What can jump as high as the eyes of the Statue of Liberty? Well, the jumping robot can! The robot was designed by Elliot Hawkes, a mechanical engineer from University of California, Santa Barbara. With the ability to jump three times higher than any other jumping robot, it can also out-jump any living animal.
Hawkes has been working on the robot for seven years. “It started out as a stick with weights and rubber bands,” he said. Nobody would’ve called it a robot at the start of its creation because it didn’t have anything electronic or any motors on it, he recalls. This got him and his colleagues determined to find out, “Just how high can it go?” After many years of work, the robot reached heights as high as 100 feet. Hawkes and his team recorded this on the website Nature on April 23, 2022.
Various researchers studied how different types of animals jump. Hawkes didn’t want to copy any of the animals so instead, his team learned the types of features of certain animal jumpers and how to find ways around it. Muscles in the body of many animals including humans provide energy for jumping. These muscles pull on stretchy hamstrings that react just like a spring, launching the body high into the air. A muscle can only tense up and release once per jump. Weight is also a factor due to large muscles making the animal or human heavier. Typically, the heavier the animal, the harder it is to move against the force of gravity.
Through a process called work multiplication, engineers can control the robot's jump. A small motor and a large spring are needed to extend the spring and send the robot jumper to high altitudes with a high amount of speed. The spring is necessary due to the fact that one stroke of the motor does not provide sufficient power. However, as more strokes occur, more power is stored in the spring. This collected energy over multiple strokes makes it possible for the robot to jump higher. Hawkes and his team used this method to develop the robots jump and achieve its maximum height.
This new robot has legs that bend in a hoop-like shape. As these legs bend, the rubber bands that are connected to them stretch out. When the robot is ready to take flight, it squats into a round shape. After release, the legs and rubber bands all snap back into a narrow-looking shape. In nine thousandths of a second, it can go up to almost 60 miles an hour – an acceleration that is exceeds what the human body can even handle.

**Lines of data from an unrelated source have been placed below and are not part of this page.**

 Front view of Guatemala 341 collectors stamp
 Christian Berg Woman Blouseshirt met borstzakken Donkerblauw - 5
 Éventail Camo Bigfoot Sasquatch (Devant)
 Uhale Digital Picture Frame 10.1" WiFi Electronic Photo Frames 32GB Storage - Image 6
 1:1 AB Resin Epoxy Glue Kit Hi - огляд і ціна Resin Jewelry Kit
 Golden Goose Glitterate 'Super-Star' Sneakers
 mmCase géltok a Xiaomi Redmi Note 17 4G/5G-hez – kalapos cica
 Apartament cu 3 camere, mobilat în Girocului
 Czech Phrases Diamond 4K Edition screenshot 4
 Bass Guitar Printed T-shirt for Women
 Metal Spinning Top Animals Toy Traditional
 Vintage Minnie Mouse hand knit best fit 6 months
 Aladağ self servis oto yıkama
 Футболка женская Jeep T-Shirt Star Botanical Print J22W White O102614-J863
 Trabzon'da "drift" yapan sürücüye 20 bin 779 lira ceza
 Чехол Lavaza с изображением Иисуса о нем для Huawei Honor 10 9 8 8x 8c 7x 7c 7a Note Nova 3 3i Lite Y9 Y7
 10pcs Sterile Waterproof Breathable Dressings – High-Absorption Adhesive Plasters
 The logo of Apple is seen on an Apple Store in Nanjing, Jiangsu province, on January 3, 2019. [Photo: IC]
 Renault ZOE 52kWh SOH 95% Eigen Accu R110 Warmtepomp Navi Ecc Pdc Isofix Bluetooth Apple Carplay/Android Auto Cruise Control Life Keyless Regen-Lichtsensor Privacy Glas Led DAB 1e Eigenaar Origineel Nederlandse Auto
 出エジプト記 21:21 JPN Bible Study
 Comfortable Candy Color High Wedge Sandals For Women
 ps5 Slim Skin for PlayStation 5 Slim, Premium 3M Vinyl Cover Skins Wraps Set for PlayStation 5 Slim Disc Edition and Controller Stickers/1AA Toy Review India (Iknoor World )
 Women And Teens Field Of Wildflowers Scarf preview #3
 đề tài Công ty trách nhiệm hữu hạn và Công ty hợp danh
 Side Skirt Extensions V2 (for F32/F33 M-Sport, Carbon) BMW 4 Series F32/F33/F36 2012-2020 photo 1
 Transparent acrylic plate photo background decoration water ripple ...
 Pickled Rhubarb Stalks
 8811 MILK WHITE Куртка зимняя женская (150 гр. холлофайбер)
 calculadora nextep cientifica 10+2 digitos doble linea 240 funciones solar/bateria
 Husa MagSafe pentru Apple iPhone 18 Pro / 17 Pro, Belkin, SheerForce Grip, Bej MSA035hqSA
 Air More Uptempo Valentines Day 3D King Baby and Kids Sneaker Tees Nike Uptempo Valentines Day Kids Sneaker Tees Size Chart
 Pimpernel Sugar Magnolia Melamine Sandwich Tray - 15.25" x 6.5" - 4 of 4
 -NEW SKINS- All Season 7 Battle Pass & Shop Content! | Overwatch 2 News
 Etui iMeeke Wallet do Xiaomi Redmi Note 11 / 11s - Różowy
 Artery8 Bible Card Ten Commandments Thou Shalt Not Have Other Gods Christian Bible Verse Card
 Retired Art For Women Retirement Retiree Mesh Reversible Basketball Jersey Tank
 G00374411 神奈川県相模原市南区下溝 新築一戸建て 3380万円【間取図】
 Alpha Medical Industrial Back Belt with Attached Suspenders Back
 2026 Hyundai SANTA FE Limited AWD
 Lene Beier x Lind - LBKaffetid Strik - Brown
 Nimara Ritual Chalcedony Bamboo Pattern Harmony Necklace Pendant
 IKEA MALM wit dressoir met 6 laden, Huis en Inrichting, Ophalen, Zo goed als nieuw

A roboticist at the University of Philadelphia, Pennsylvania commented that “They don’t have any steering at all.” Due to this factor, it can’t sway its direction or peak. The team is working to add steering and has hopes to send the robot to the moon to retrieve samples. “This type of robot could leap into the bottom of a crater, take samples and return to a wheeled rover,” Hawkes says. This new robot has a lot of potential for the future and has already done some amazing things. Though it still needs improvements, Hawkes' team is working with NASA and plans on making it a space explorer for the future.